Model SCOR dapat dilakukan untuk melakukan evaluasi kinerja green supply chain dimana pengembangan modelnya disebut green SCOR. Zaroni [4] menuliskan beberapa pengembangan ukuran kinerja diantaranya sebagai berikut.

 

Plan
  • Biaya ketaatan lingkungan
  • Biaya energi per unit
Source
  • Persentase bahan bakar kendaraan yang berasal dari bahan bakar alternatif
  • Persentase pemasok yang memiliki sistem EMS atau sertifikasi ISO 14001
Make
  • Persentase bahan bakar pengemasan yang dapat didaur ulang
  • Limbah berbahaya sebagai persentase dari total limbah
Deliver
  • Biaya bahan bakar sebagai persentase biaya pengiriman
  • Persentase transporter yang memenuhi kriteria pelestarian lingkungan
Return
  • Biaya disposal sebagai persentase total biaya pengadaan
  • Produk retur yang dibuang berbanding produk retur yang didaur ulang
Enable
  • Rasio pencegahan polusi
  • Efisiensi energi perlengkapan

Kesimpulan

Dalam artikel ini telah dibahas secara ringkas definisi green supply chain berdasarkan perspektif strategis dan operasional. Dari perspektif strategis membahas tentang prinsip-prinsip green supply chain dapat dimulai dari mengevaluasi produk dan siklus hidup produk yang dihasilkan perusahaan agar dapat berorientasi lingkungan. Terkait perspektif operasional telah dibahas pertimbangan lingkungan dan sustainability dalam kegiatan supply chain yang kemudian dikenal sebagai green manufacturing dan green logistics

Artikel ini diharapkan dapat memberikan gambaran secara umum terkait green supply chain. Bagi berminat untuk mempelajari lebih dalam terkait konsep dan implementasi green supply chain, materi ini dibahas pada beberapa mata kuliah yang ditawarkan Magister Teknik Industri Binus diantaranya: Supply Chain Modelling, Supply Chain & Logistics, dan Operations Management.

Referensi

  1. Srivastava, S. K. (2007). Green supply‐chain management: a state‐of‐the‐art literature review.
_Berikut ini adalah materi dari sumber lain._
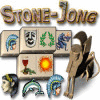 Stone-Jong 游戏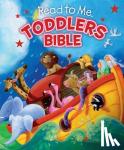 B&h Editorial - Read To Me Toddlers Bible
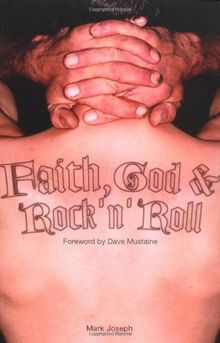 Faith, God, & Rock 'n' Roll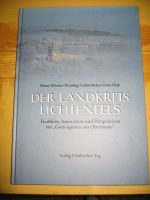 Der Landkreis Lichtenfels - Hans Werner Penning - Buch von 1999 Bayern - Lichtenfels Vorschau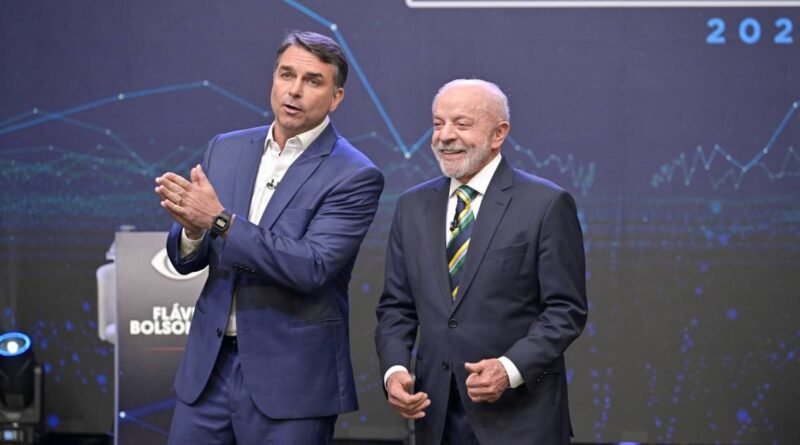 Estratégia da campanha de Lula sobre debate da Globo gera alerta de impacto negativo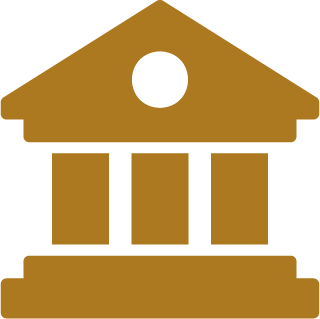Government loan icon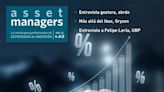 Asset Managers, revista dirigida a los profesionales de la inversión, lanza su número 43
International journal of management reviews, 9(1), 53-80.
  2. Achillas, C., Bochtis, D. D., Aidonis, D., & Folinas, D. (2018). Green supply chain management. Routledge.
  3. Sarkis, J., & Dou, Y. (2017). Green supply chain management: A concise introduction. Routledge.
  4. Zaroni (2015), Green Supply Chain & Logistics, Supply Chain Indonesia, https://supplychainindonesia.com/green-supply-chain-logistics/
  5. https://onlinelearning.binus.ac.id/industrial-engineering/post/mengenal-green-supply-chain-management-sebagai-bagian-kompetensi-global/ 
  6. United Nation (2015). Millennium Development Goals, https://www.un.org/millenniumgoals/environ.shtml 
  7. AQUA (2020), AQUA LIFE: Perwujudan Inovasi Kemasan Botol Daur Ulang Dari AQUA, https://www.sehataqua.co.id/aqua-life-perwujudan-inovasi-kemasan-botol-daur-ulang-dari-aqua/ 
  8. Finkbeiner, Matthias, et al. “Towards life cycle sustainability assessment.” Sustainability 2.10 (2010): 3309-3322.
  9. APICS, Supply Chain Operations Reference (SCOR) model, https://www.apics.org/apics-for-business/frameworks/scor 
  10. Jannah, B., Ridwan, A. Y., & Ma’ali El Hadi, R. (2018). Designing the Measurement of System Green Manufacturing Using SCOR Model in The Leather Tanning Industry. JRSI (Jurnal Rekayasa Sistem dan Industri), 5(02), 60-65.